Working with high street stores to keep children safe online

Christmas is just around the corner and young people across the country will abandon their school routines for a couple of weeks.

During this break, children and young people will spend even more time online, chatting with their friends, playing games and browsing their favourite sites. That's why it's especially important to be educated in online safety.

Following on from an event in Wales with Dyfed Powys Police Neighbourhood Policing Team, our prevention programme teamed up with Currys PC World and Bradford Cyber Team from West Yorkshire Police to raise awareness and keep young people safe online. 

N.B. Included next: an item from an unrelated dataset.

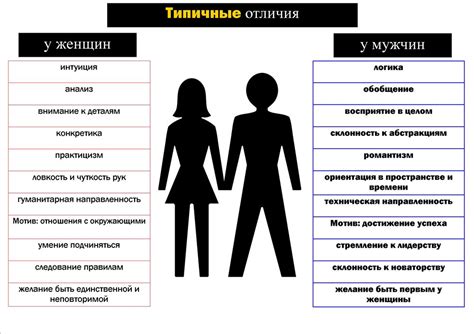 Признаков отсутствия семейных потребностей у мужчины:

How did the project come about?

Through our work, we were seeing the grooming and exploitation of young people online and offline interlinking. Then, as part of a wider education programme around the risks of online exploitaiton, we developed the idea of disseminating safety messages at the point of sale. 

PC World are the largest high street retailer of electronic goods in the UK so we approached stores and pitched the idea of a pop-up stall. The Prevention Team then designed and produced a variety of resources, including a 'Z card', for staff to wear in their lanyards. 

What did the project involve?

Working with PC World staff, we encouraged parents, carers, grandparents, aunties, uncles and whoever else to come and talk to us and learn more about online safety. 

Not only did we have some really informative conversations with parents and carers, we also spoke to staff about their role in spreading online safety messages. We hope that staff will take this forward and be mindful of their role in safeguarding children and young people.

Our resources outline ways in which children and young people can be exploited online and offer practical tips on how to keep them safe. For example, if someone is buying a computer game, we encourage them to ask themselves if the content is appropriate for a child, and does the game have online access? By acknowledging the dangers early, we can take important steps in preventing exploitation.

What were the hopes of the project?

We hope that people we spoke to in store will be more conscious of digital safeguarding and take proactive steps to help safeguard children online. From engaging with staff in store and management at PC World, we also believe we have raised awareness of their responsibility to disseminate safeguarding messages.

We'd like to see other electronic retailers to help spread safeguarding messages at the point of sale, and are keen to support those who do. We plan to continue our outreach with PC World In the New Year.